Tuesday, June 8, 2010

Bigotry and the Human Struggle

Julian Sanchez describes the limits to which scientific understanding can assuage our strongly held beliefs.  He describes how homosexuality's removal from the DSM, psychiatric manual on mental disease, owed as much to more general social progress than to the scientific evidence.
I’m glad, of course, that we’ve dispensed with a lot of bogus science that served to rationalize homophobia—that’s a pure scientific victory.  And I’m glad that we no longer classify homosexuality as a disorder—but that’s a choice and, above all, a moral victory. It ultimately stems from the more general recognition that we shouldn’t stigmatize dispositions and behaviors that are neither intrinsically distressing to the subject nor harmful, in the Millian sense, to the rest of us.
I think this is true. It also explains the persistence of irrational bigotry, as we are seeing coloring (no pun intended) the debate around immigration, social programs, not to mention our black president. People no longer have any scientific, rational justification for their biases, yet they persist. This is best evinced by the person who has no religious or moral problem with gays – but just thinks they’re “gross”.

I think the discussion on racism, sexism, etc. would benefit greatly from a transition from the dogmatic – you “are” or “are not” a bigot – to the nuanced – are your feelings/opinions being informed by social patterns of bias? I think in the past, when bigotry was largely acceptable, the unconscious biases were still there, and just because we decided as a society to make them taboo – the underlying drivers of bias didn’t simply vanish into thin air. The problem now is in identifying ways in which we are still being driven by them.

This is always incredibly dicey. People worked up over illegal immigration always hate any suggestion that racism/ethnocentrism/nativism/etc. might be playing a role in the anger they feel over the issue. This is justified in the sense that no one’s political beliefs should be declared illegitimate from the start, especially if they aren’t explicitly bigoted. But at the same time, there is a historical pattern of bias, built on cultural structures, against poor immigrants. So it is an important conversation to have.

Wikipedia has an excellent list of cognitive biases that provide a nice framework for understanding how this pattern might have historically developed. http://en.wikipedia.org/wiki/Cognitive_biases. It’s actually a pretty frightening as a look into the frailty of the human psyche. But it’s also disarming in that by explaining why we err, we offer our ego forgiveness.
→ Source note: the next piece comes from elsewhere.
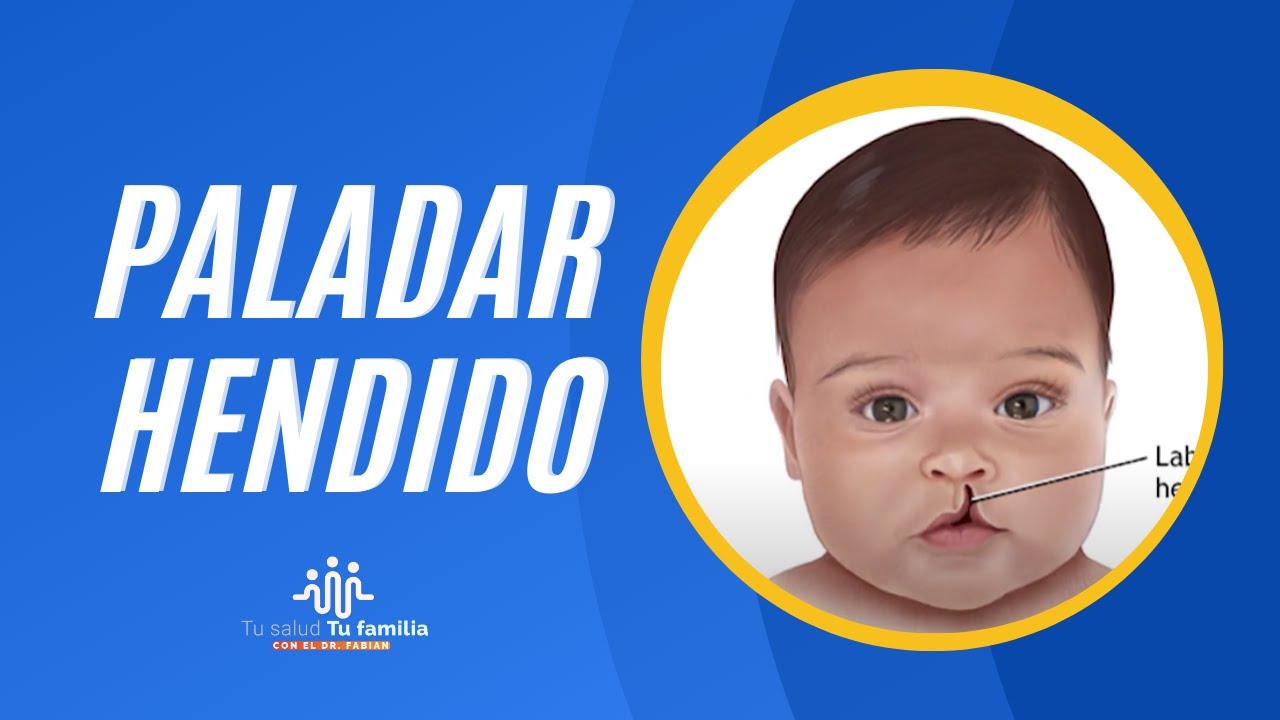 PALADAR HENDIDO - TU SALUD TU FAMILIA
Of course, the next step is to remain vigilant. And that is a lifelong process that will never achieve perfection. As humans, we are all prone to be led by our fears, angers and prejudices. I think larger social diseases such as bigotry can be thought of as on the same spectrum of behavior as, say, being rude to a store clerk, or acting selfishly towards a roommate or spouse. We are flawed and we are all (hopefully) engaged in an endless struggle to “be better”. The way we do this is always the same: we reflect, we untangle the root of the problem, and then we try to develop the cognitive tools so that should the behavior arise in the future, we have the ability to keep it in check.